Readit News logoReadit News
ronyfadel · 6 years ago
I'm currently working on a project that involves dataviz & mapping, and one of the things I've discovered along the way was WikiData's SPARQL query engine.

Mind = blown.

You can basically ask Wiki(pedia) almost anything you can think of (including the largest city in a bounding box) using the same query language.

Examples:

- Largest cities per country (https://w.wiki/UC4)

- Cities connected by the European route E40 (https://w.wiki/74E)

- Streets in France named after a woman (https://w.wiki/34K)

philshem · 6 years ago
You can even request a query from the community:

https://wikidata.org/wiki/Wikidata:Request_a_query

ronyfadel · 6 years ago
That's handy! To be honest, SPARQL is definitely not easy to use.
caf · 6 years ago
I quibble with the description of the shapes bounded by 10 degrees of longitude and latitude as "rectangles" - they're not even planar shapes, and their adjacent sides certainly aren't at right angles. Some of them don't even have four sides.

This bears considering when looking at the map, because some of those regions are much, much smaller than others.

paulirwin · 6 years ago
Mostly an aside to your comment, but it's somewhat related. This post's divisions of 10° latitude/longitude is pretty close to the Maidenhead grid system, used heavily by amateur radio operators like myself.
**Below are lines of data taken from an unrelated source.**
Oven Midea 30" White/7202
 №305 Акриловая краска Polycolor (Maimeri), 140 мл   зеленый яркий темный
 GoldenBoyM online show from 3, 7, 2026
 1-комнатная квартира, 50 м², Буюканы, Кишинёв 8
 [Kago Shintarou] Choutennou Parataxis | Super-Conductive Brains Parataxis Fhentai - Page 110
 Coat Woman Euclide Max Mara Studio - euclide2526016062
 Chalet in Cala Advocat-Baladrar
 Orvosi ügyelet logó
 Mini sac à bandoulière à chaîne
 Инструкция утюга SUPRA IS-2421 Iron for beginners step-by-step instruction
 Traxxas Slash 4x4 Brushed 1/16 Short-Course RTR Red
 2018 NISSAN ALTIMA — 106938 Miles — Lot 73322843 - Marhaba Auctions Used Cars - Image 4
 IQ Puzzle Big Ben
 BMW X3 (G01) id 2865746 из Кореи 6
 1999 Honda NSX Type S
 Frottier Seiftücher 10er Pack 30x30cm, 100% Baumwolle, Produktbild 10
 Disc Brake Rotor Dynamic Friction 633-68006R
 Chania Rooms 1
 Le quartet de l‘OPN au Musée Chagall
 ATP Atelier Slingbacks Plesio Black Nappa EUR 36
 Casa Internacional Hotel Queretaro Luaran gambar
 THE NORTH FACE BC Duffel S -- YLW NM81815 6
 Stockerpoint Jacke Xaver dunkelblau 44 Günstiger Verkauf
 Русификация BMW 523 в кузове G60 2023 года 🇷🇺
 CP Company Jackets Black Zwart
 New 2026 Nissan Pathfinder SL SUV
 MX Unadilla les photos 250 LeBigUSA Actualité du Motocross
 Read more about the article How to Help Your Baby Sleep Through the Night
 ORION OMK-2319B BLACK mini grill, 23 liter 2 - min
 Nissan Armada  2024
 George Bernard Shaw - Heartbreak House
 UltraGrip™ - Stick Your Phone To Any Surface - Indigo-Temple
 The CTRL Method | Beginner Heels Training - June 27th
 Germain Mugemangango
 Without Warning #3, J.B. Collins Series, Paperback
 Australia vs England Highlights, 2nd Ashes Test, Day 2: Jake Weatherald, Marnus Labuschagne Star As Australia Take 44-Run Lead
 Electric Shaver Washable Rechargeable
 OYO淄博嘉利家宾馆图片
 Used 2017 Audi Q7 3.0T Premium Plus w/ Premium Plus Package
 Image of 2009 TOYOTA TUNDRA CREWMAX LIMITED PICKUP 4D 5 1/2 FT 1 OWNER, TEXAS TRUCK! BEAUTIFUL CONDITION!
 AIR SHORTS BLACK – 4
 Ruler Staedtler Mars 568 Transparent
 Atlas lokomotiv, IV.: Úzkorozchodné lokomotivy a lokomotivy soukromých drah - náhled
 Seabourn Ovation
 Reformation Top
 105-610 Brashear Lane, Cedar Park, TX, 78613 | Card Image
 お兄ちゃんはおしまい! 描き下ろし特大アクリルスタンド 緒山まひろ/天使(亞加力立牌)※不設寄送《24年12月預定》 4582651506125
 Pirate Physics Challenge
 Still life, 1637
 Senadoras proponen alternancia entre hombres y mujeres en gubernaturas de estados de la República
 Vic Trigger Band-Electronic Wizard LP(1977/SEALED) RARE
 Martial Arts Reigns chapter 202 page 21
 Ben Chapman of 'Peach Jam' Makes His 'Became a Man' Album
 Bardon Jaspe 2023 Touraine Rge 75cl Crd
The difference is that each top-level grid "square" (to your point, not actually square, but that's what they're called) is 20° longitude by 10° latitude represented by two letters. While the computation of a 4 or more character grid locator code is complex enough that most people can't quite do that in their head, because of them being treated as if they were coordinate "rectangles", it is simple enough to translate lat/lon coordinates to a grid code and vice versa with pen and paper if needed in the case of an emergency, if you know the algorithm or have a reference sheet. The 10° latitude size means that the parallels are the same in the Maidenhead system (for the first two letters of a code) as in this post. It also has the added benefit of knowing that DN is north of DM, which are both west of EM. I've gotten to where I can roughly place someone I hear on the radio based on a mental map of grid codes, and have memorized many grid codes of large population centers.

The beauty of the grid code system is that you can further refine an area by adding on subsequent numbers and letters, much like degrees/minutes/seconds in coordinates, but requiring significantly less characters to read to others over the radio. And, you can use phonetics for the letters, i.e. "delta mike seven niner" (DM79) is roughly the entire Denver metro area. Fort Collins, CO on this parent post falls under DN, above that 10°-sized parallel.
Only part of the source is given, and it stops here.